I’m using restic 0.9.4 on Centos 7.x to back up a nontrivial (several terabytes) amount of data to B2. The process is started via cron, and is meant to take a snapshot of our NFS share every night at midnight.

Our data, typically falls into two categories – user created and therefore “precious”, and machine generated and therefore “trivial”.

for simplicity, all the ‘trivial’ data lives in a folder we call ‘footage’. Typically, the data footprint in the footage folder (which we don’t want to back up) overwhelms all the other data.
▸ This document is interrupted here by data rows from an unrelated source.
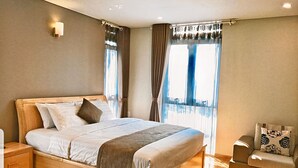 A neatly made bed with a wooden frame, a bedside table, and a chair with patterned cushions. - F&F Hotel (Hai Phong)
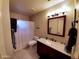 Bathroom with shower, vanity and tub with shower curtain at 14009 N 30Th St, Phoenix, AZ 85032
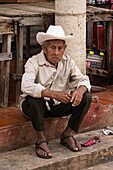 Ein indigener Maya-Mann sitzt auf dem Markt in Muna, Yucatan, Mexiko.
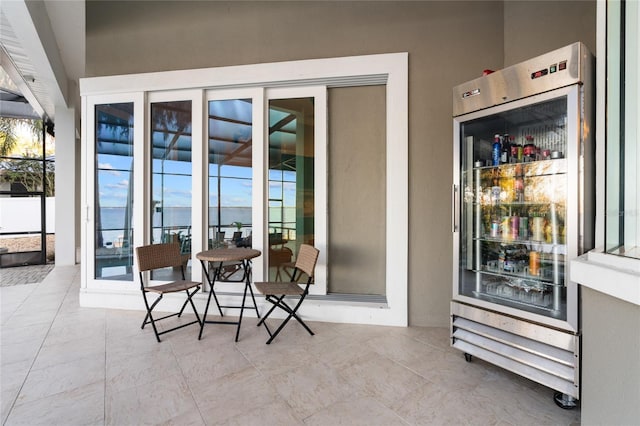 view of patio featuring beverage cooler and a water view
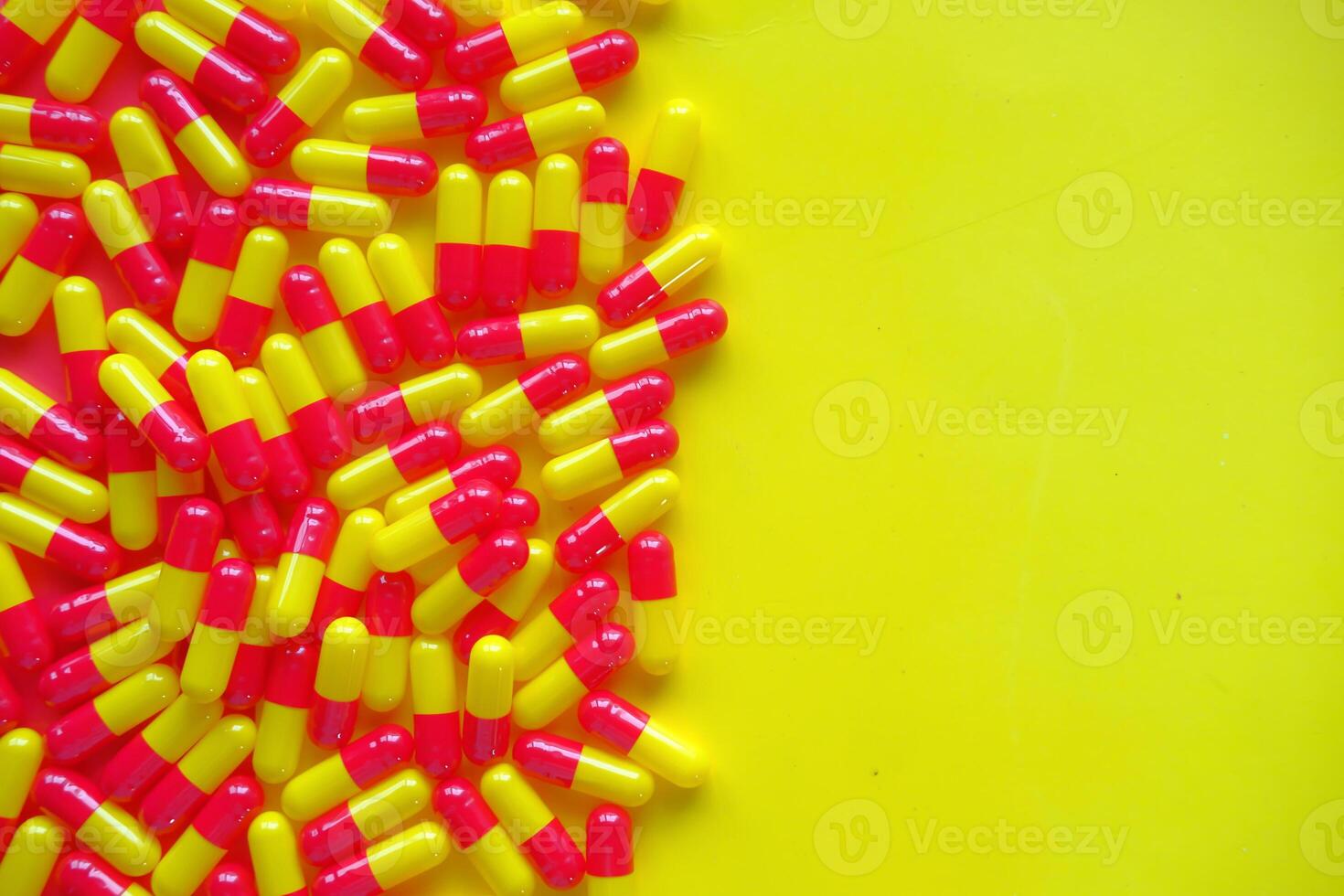 Vibrantly Colored Yellow and Pink Capsules Displayed on a Bright, EyeCatching Background photo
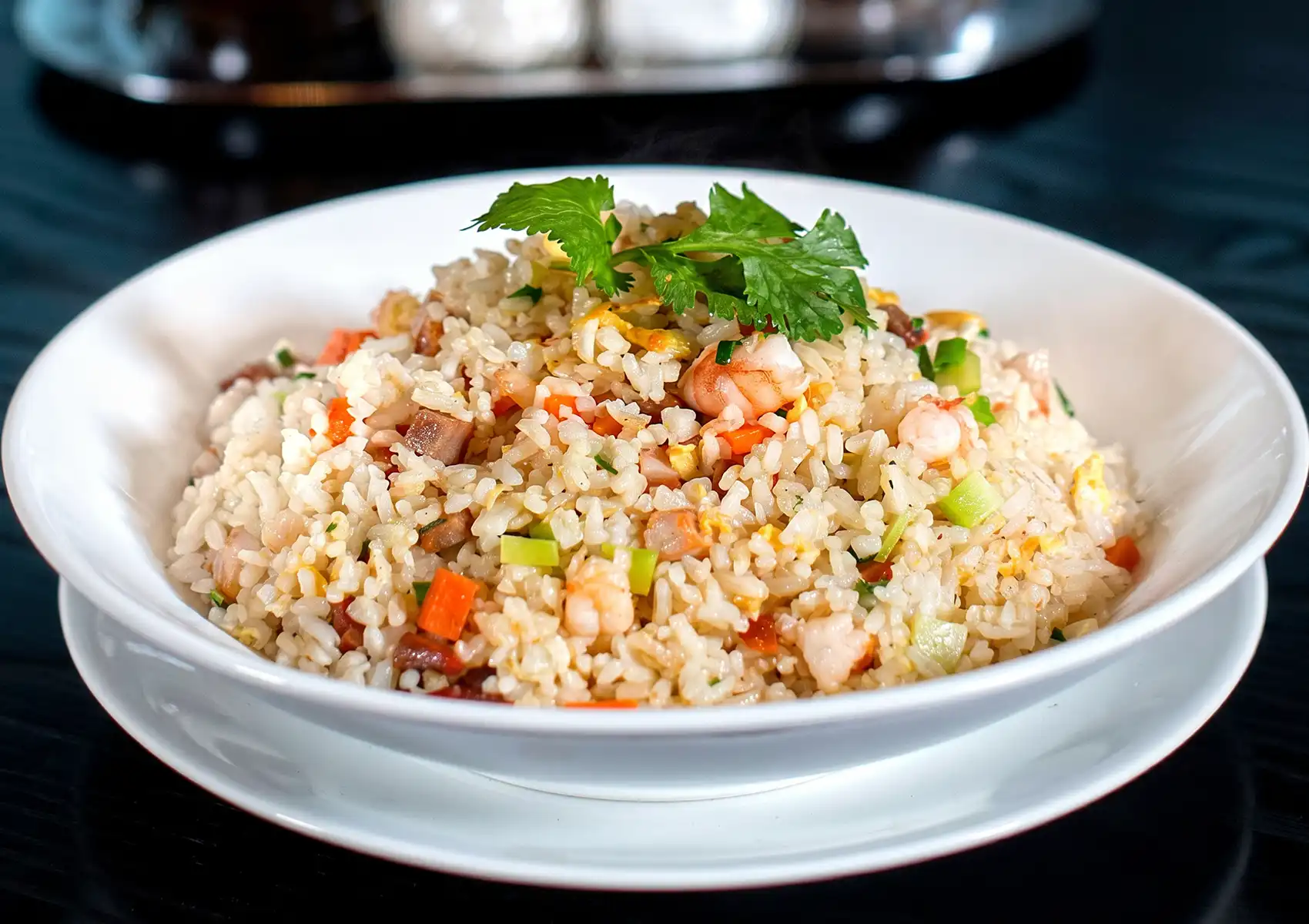 Colorful fried rice with shrimp, egg, and vegetables served in white bowl, garnished with fresh cilantro.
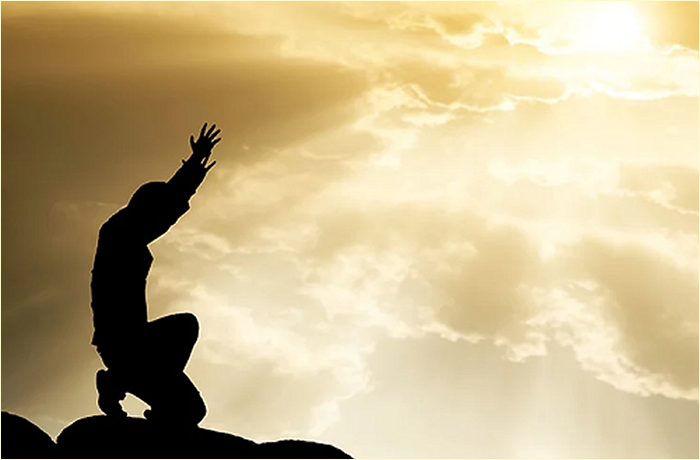 Silhouette of a person kneeling with arms raised against a bright, cloudy sky.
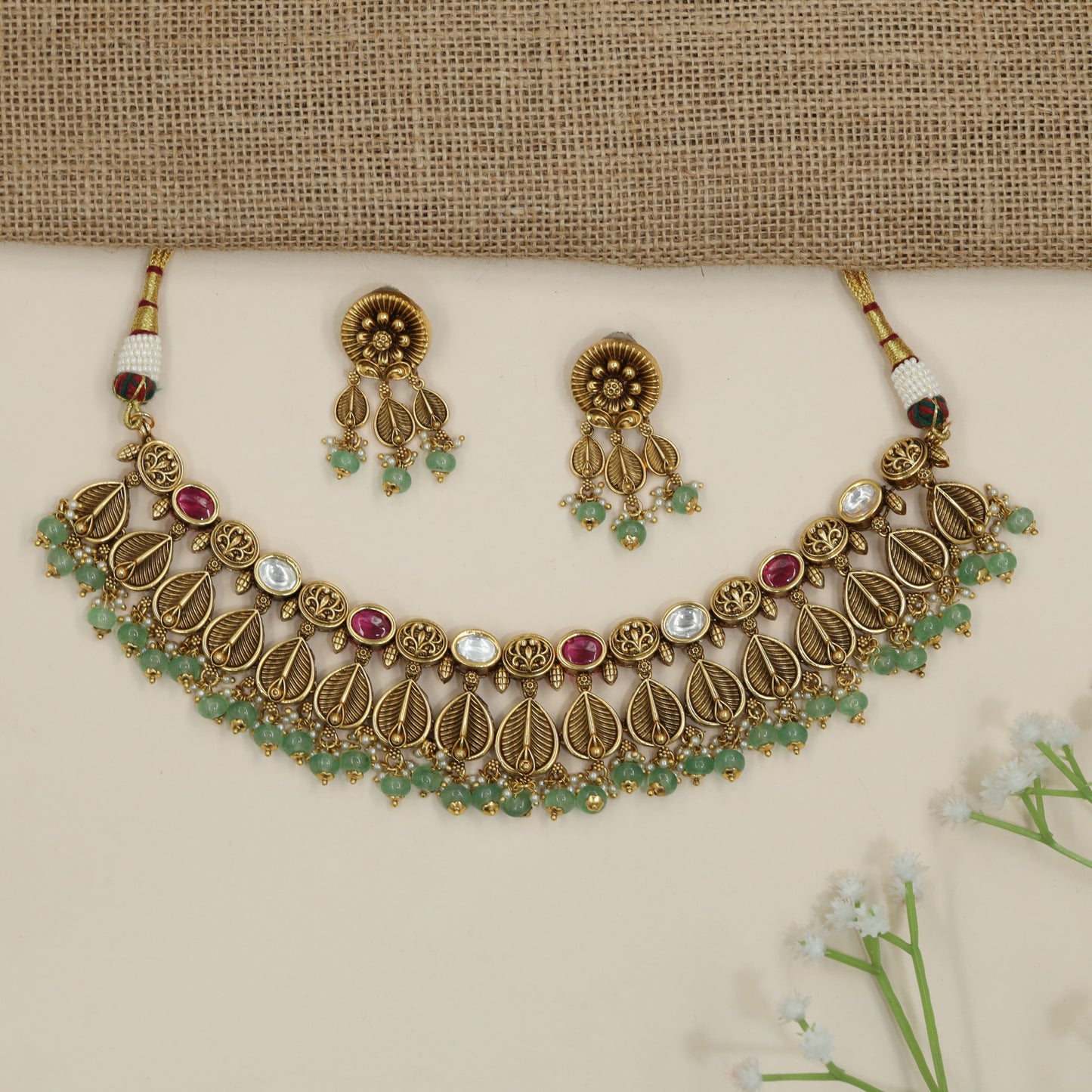 Traditional leaf pattern choker with layered botanical silhouette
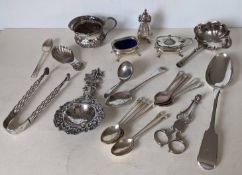 A miscellany of silver items, mostly 19th century, comprising tea strainer, sugar nips, condiments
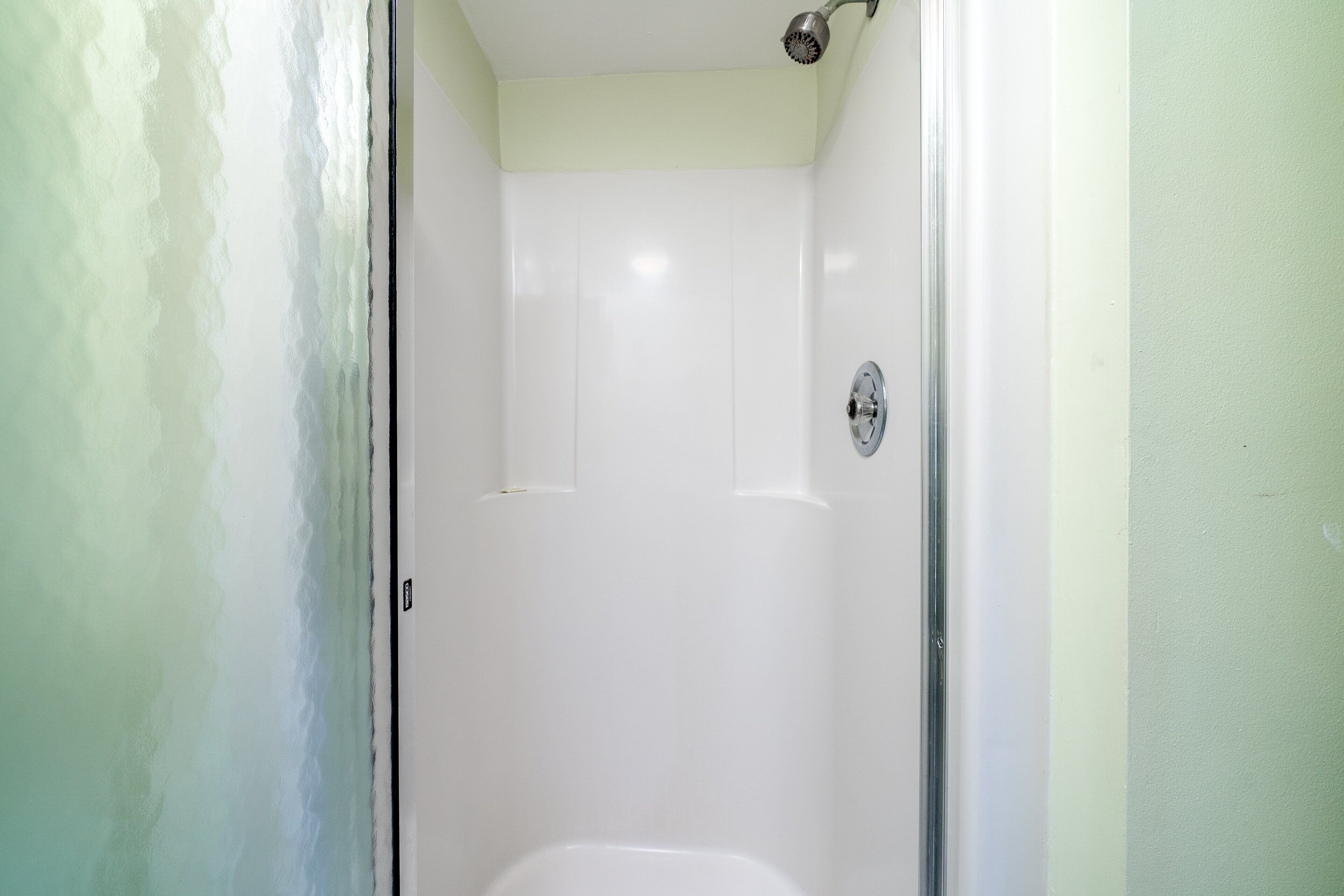 A small, enclosed shower area with a door and a showerhead.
Here’s an example:

[gene@tws09 cmn]$ sudo du -sh /projects/my_project
2.2T	/projects/my_project

[gene@tws09 cmn] cd /projects/my_project
[gene@tws09 cmn]$ sudo du -sh *
7.3G	assets
3.0M	deliverables
784M	edit
2.2T	footage
68K	onset
68K	supers

As you can see, the amount of data i’m interested in backing up on this project, adds up to approximately ~8.3G [as the 2.2T footage folder is being skipped].

now for the fun part:

[gene@tws09 pxx_010]$ ps -ef | grep restic
root      24431  95350 33 Mar23 ?        07:05:43 restic --exclude "**/footage/**" -r b2:my-bucket-2019 backup /projects/my_project

As you can see, this process has been running for over 7 hours.
Our internal network is 10Gbe, and we have a 1Gbe fiber internet uplink, which we know to be reliable, and while it’s true that b2 is not the fastest platform, I suspect that something else might be going on here.

Now, for the odd part, looking at the files that open/being accessed, I noticed that restic seems to be processing files that I’m explicitly asking it to ignore.

[gene@tws09 pxx_010]$ sudo lsof -c restic
restic  24431 root   24r      REG     0,42 27344764928 266637223/projects/my_project/cmn/footage/raw/my_giang_27G_file.

Am I using the exclude flag correctly? should restic be looking at this giant ‘trivial’ file under the footage folder?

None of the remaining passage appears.